Greefa's head office is in Tricht, in the heart of Betuwe, the Netherlands. There, grading and packaging solutions are thought up and produced. We spoke to sales representatives Otto Klop and Sander Reukers, who discussed trends in that field and Greefa's response.
Otto, who has been in this sector for a long time, says that 30 years ago, vegetable growers could make a decent living on a few hectares. There are a few exceptions, but most have expanded dramatically. Fruit and vegetable marketing and trading houses have followed suit. Production companies rarely still do their own sorting. For Greefa, that means fewer but bigger customers.
"Thanks to our collective expertise, we can handle that up-scaling just fine. We've adapted our shopfloor to that. We test every sorting line before delivery, and for that, you need space and a lot of it. We have that. We regularly add room so we can confidently deliver our tested lines to our customers," begins Otto.
"That means we work differently than before, too," adds Sander. By that, he means Greefa sees large orders as projects. The project manager is their first point of contact. Sander and Otto remain involved, though the technical execution does not lie with them but with Greefa's project managers.
Otto Klop and Sander Reukers at a line that is being built.
Greefa offers labor-saving grading and packaging solutions. With labor shortages and its rising costs per hour, automation is quickly becoming interesting. Greefa has the technology to automate almost all human work in a sorting/packing process. In particular, automated packing solutions have taken off. In the post-harvest sector, that is where the most people, by far, are needed.
Packaging material is a hot topic, and consumers would prefer zero plastic. "However, considering sustainability, plastic remains the best option because of its low per-unit cost and environmental footprint. It's a very dynamic discussion with many potential future developments,"

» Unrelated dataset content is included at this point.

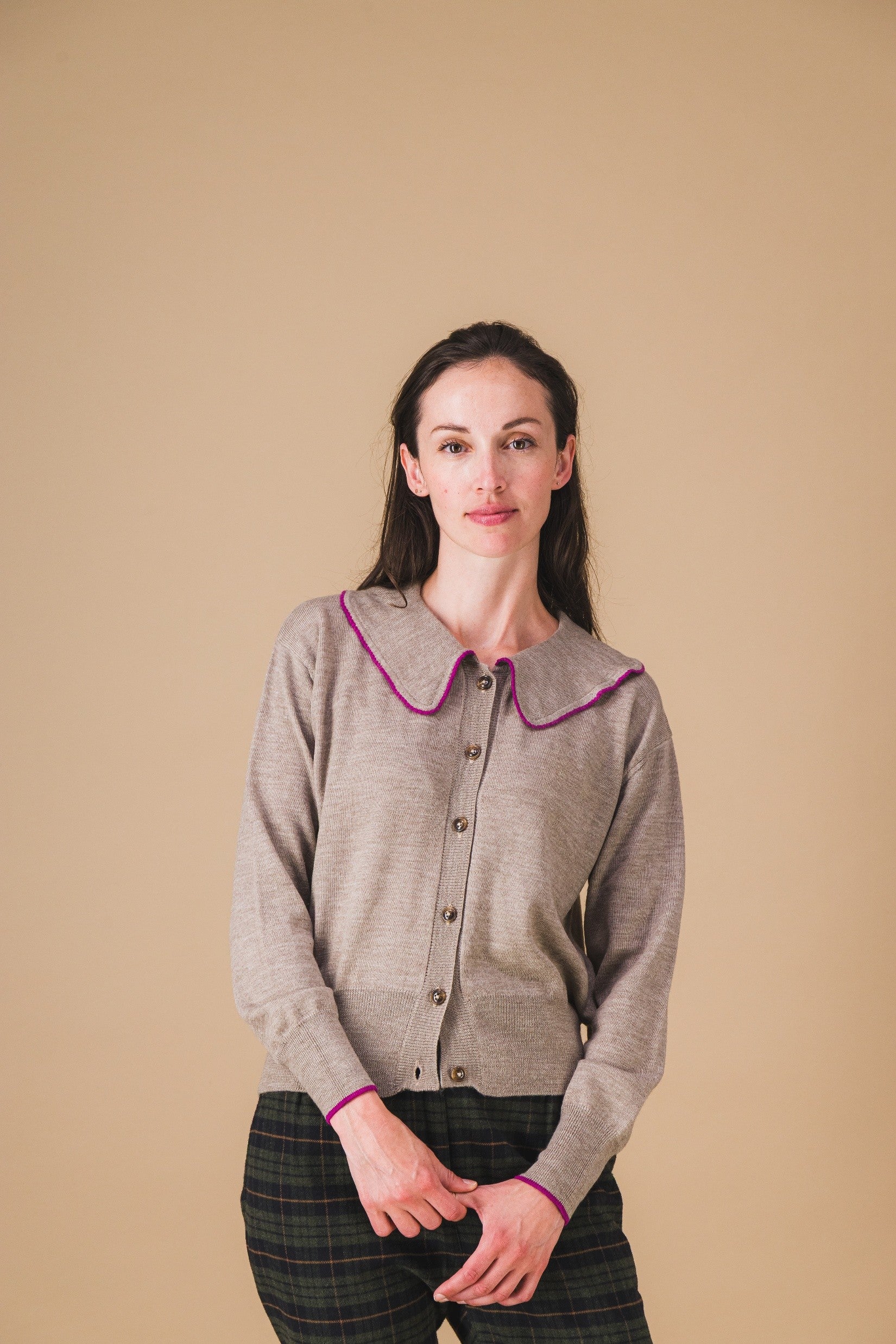 Cardigan COLETTE - Beige / Fushia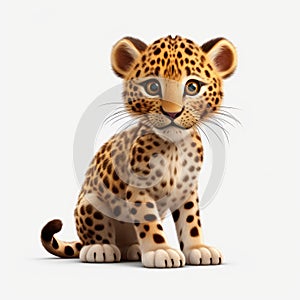 3d Leopard Cub Baby Sitting On White Background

Greefa, too, uses AI (Artificial Intelligence) primarily for product quality detection programs. Fruit and vegetable defects can be detected very well using AI, and with the latest techniques, those flaws can also be better distinguished from each other. That information is invaluable to growers. And it will get increasingly better.

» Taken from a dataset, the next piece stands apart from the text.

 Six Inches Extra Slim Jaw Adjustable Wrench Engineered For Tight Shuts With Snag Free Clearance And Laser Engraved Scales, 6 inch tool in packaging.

The more data comes in, the better the results. The Law of Large Numbers will then come into play. "AI makes so much more possible," says Otto. "The current technology is really only in its infancy. I think AI is a catch-all term: AI doesn't actually exist. It's far more absolute than human intelligence. AI sees no nuance."

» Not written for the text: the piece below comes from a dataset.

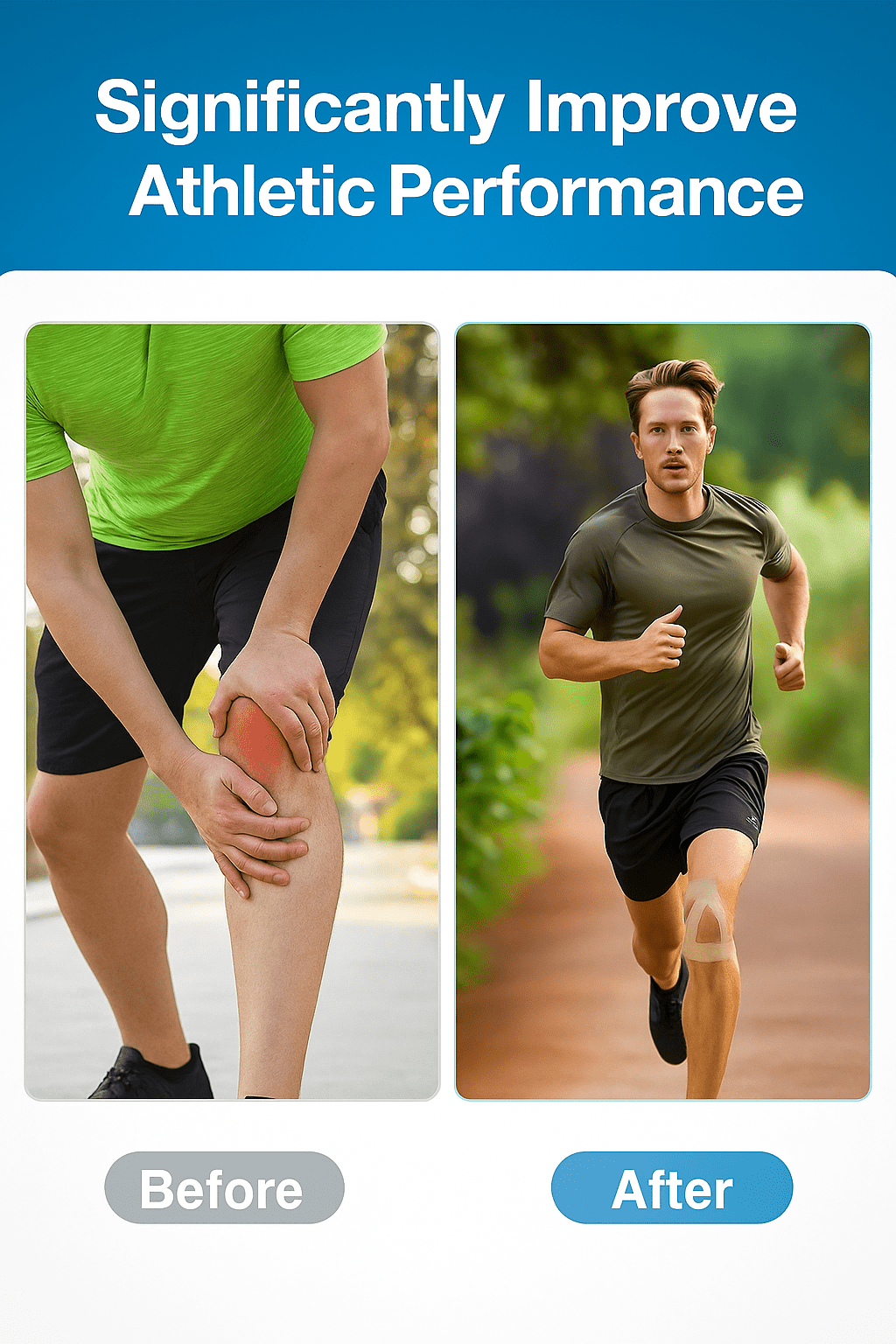 Kniebandage Elastisch Atmungsaktiv - Vorgefertigt Sport Training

This line addresses the food safety trend. The machine's stainless steel construction is left open as much as possible. It can be entirely cleaned, so microorganisms cannot accumulate, also because of all the inner sloping surfaces.
Cameras and sensors
Greefa is continuously looking for the latest camera and sensor developments. These are essential components of their products. Sander mentions looking at multiple wavelengths of light images means so much more can be detected.
Each wavelength helps to see defects. "Using multiple colors is now standard at Greefa. Exactly how many are chosen depends on the fruit. Thanks to this technology, we can, for example, detect blossom end rot (fusarium) in bell peppers. Other systems don't do that well (enough)," Sander explains.
Greefa uses sensors to, say, determine kiwis' firmness. Or they shine a light on a fruit and measure how much it allows through. That says something about the product's quality.
" We try to stay a step ahead," Otto continues. "We do so by developing much ourselves, by offering students interesting graduate projects, and by giving our people room to work with high-quality technology. Greefa's people are loyal. That says something, I think."
Otto with 'The Top,' a simple grader that small companies used to, and sometimes still, use.
"The Ukraine/Russian war shook up the export market considerably. We no longer do business with Russia. When the war broke out, we had quite a lot in the pipeline for the Russian market. The boycott didn't cover our sector, but we decided against doing business with Russia anyway. We also refer our Russian customers to a Russian service agent," Otto concludes.
The war-affected countries (and thus Greefa clients) used to sell a lot to Russia. Serbia, for example, is not involved but is feeling its effect. Greefa notices that that uncertainty diminishes the willingness to invest there.